Google the term “Internal Revenue Service” or “IRS,” and you will find no shortage of famous quotes from people who are fearful of it. The federal agency has been compared to the Gestapo, the Mafia and the Lord Almighty.
But recent testimony before the House Oversight and Government Reform Committee conjured a new IRS image: clueless, bureaucratic, disorganized and technologically incompetent. What started as a Republican probe into former IRS employee Lois Lerner and the treatment of conservative nonprofits seeking tax-exempt status has morphed into something less nefarious and more pathetic: The agency that requires you keep records for years can’t keep theirs for more than six months.
For taxpayers paying even half-attention to the proceedings, it’s infuriating. The IRS wants you to hold onto records for quite a long time. Yet the agency’s inability to produce Lerner’s emails suggests a double standard but more likely, dysfunction.
Chairman Darrell Issa and other Republicans have had a field day, straining to show higher levels of outrage and anger. Too bad it took a political witch hunt aimed at the possibility of White House involvement, which appears to be nil — for Congress to actually show some oversight. Why was it ever regarded as acceptable that such a critical federal agency could have such a woeful computer system with such a modest email capability?
There’s been no evidence of any broad conspiracy — the committee should focus on how the IRS maintained such low standards for technology and wasn’t held accountable. Personal email was never regarded as an official record for anyone employed by the agency, let alone Lerner. And IRS officials were slow to notify Congress that Lerner’s emails were irretrievable.
Democrats are certain to counter that some of the dysfunction is due to a deliberate effort by conservatives to “starve” the IRS. The agency was hit in 2011 with a $600 million cut, and there’s evidence those cutbacks have reduced its ability to enforce tax laws.
President Obama has proposed funding the IRS at 2010 levels, but a House appropriations subcommittee has sought to cut it back further — to roughly 18 percent below 2010 levels when inflation is taken into account, according to the Center on Budget and Policy Priorities. The agency’s staff has been cut by 11 percent over that same period, and one of the worst hit areas has been training, where the budget has been reduced by 87 percent, the CBPP reports. Such reductions offer a dubious benefit to taxpayers and widen the deficit, as studies have shown every additional dollar spent on IRS enforcement efforts translates into $4 in unpaid taxes collected.
If Republicans want to make political hay, they should give first-year Commissioner John Koskinen toola he needs to fix these problems, then evaluate his performance. It’s fine to yell at him for not informing them about Lerner’s missing emails, but one hopes that the commissioner has bigger fish to fry, like holding the agency to the same record-keeping standards that it holds taxpayers.

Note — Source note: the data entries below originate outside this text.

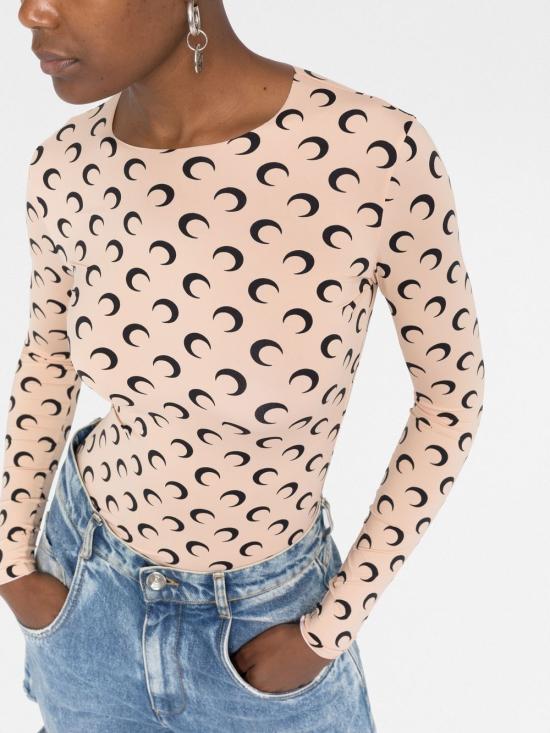 26SS 마린세르 크레센트 문 프린트 긴팔 티셔츠 WTS006A CJER0001TA10 Beige - MARINE SERRE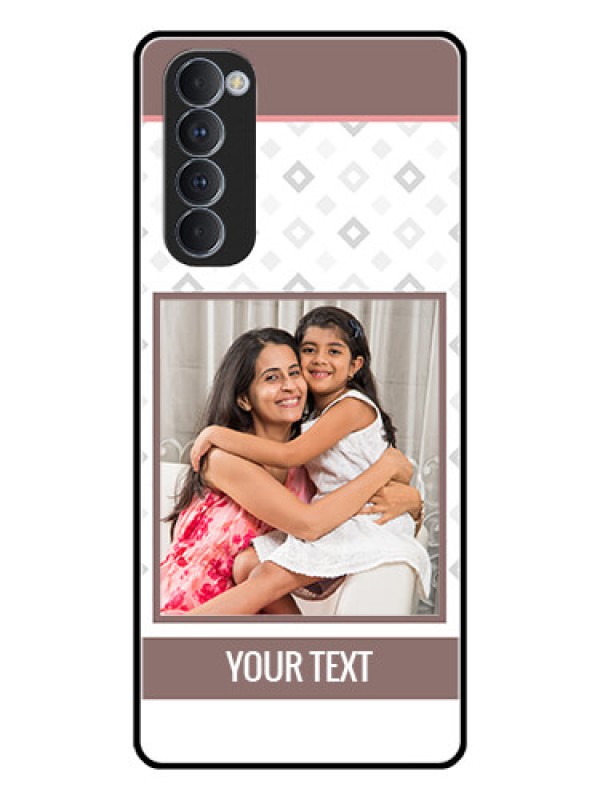 Custom Oppo Reno 4 Pro Photo Printing on Glass Case  - Simple Diamond Design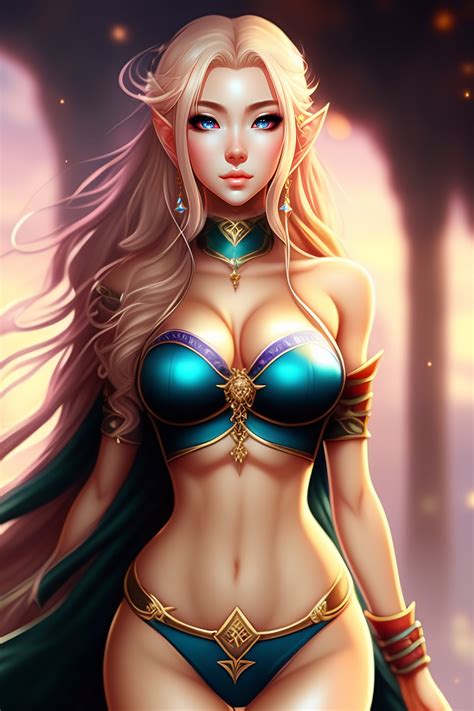 Lexica - Anime-stile elf female, bikini, full body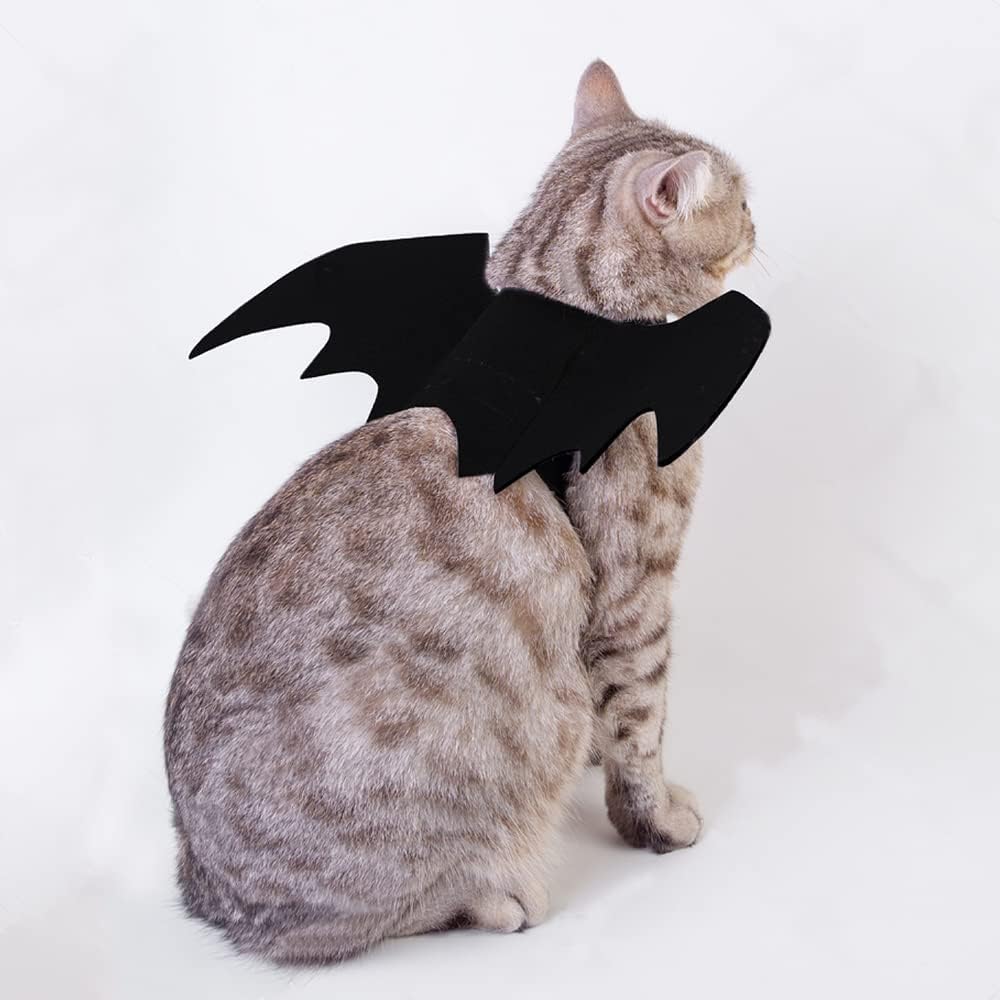 Pet Bat Wings, Cute Cat Halloween Bat Wings Adjustable Pet Costumes with Pumpkin Bells for Halloween Puppy Kitten Cosplay Party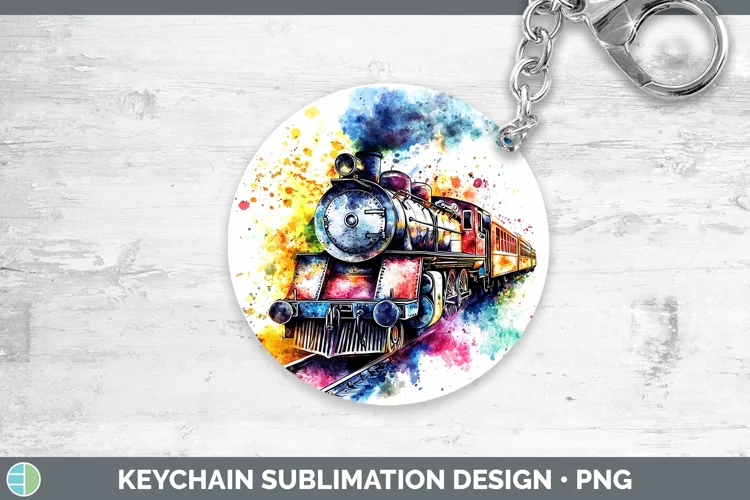 Watercolor Train Keychain Sublimation Keyring Designs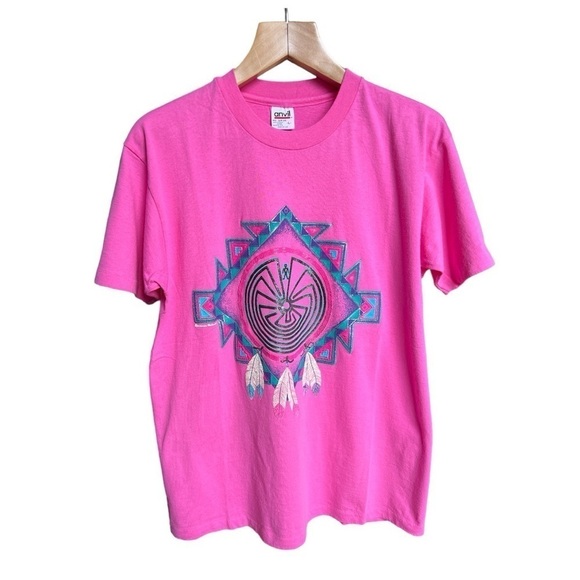 Vintage Pink Anvil Brand Women’s Dreamcatcher Feather Southwest TShirt, Large - Picture 1 of 8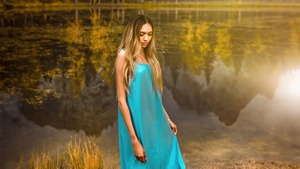 Dress, Outdoor, Girls, Model, Lake, 4K wallpaper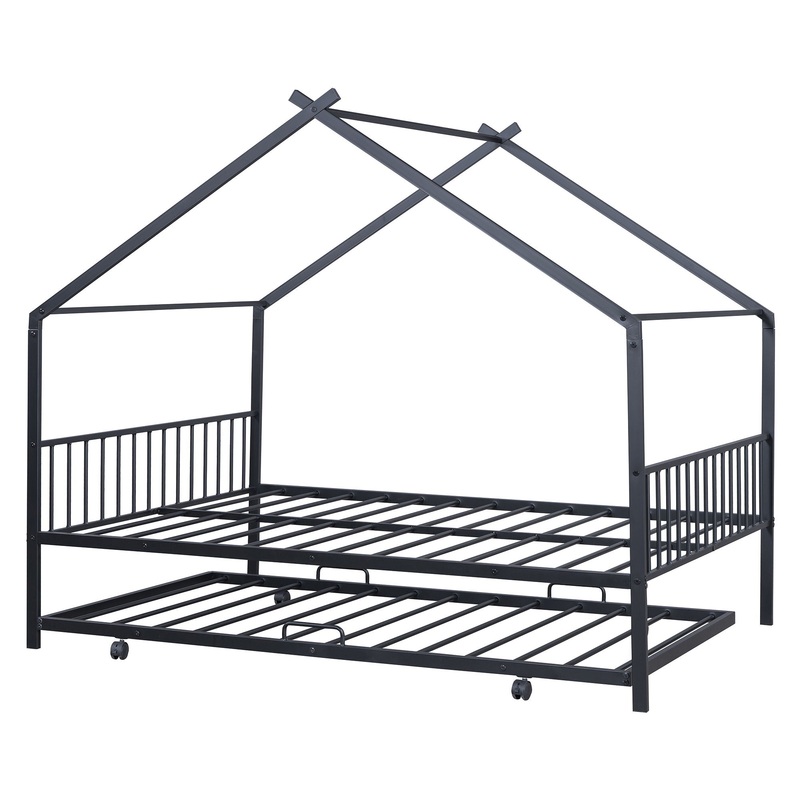 Full Size House Bed With Twin Size Trundle – Black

Merely vilifying the IRS, railing against Koskinen or implying massive scheming and coverups isn’t really oversight. Congressional investigators ought to be pointing their fingers at themselves and their failure to overhaul an increasingly complicated federal tax code — or their efforts to starve the IRS into paralysis. The Internal Revenue Service may be incompetent and hypocritical, but it’s not the only powerful organization in Washington that looks that way these days.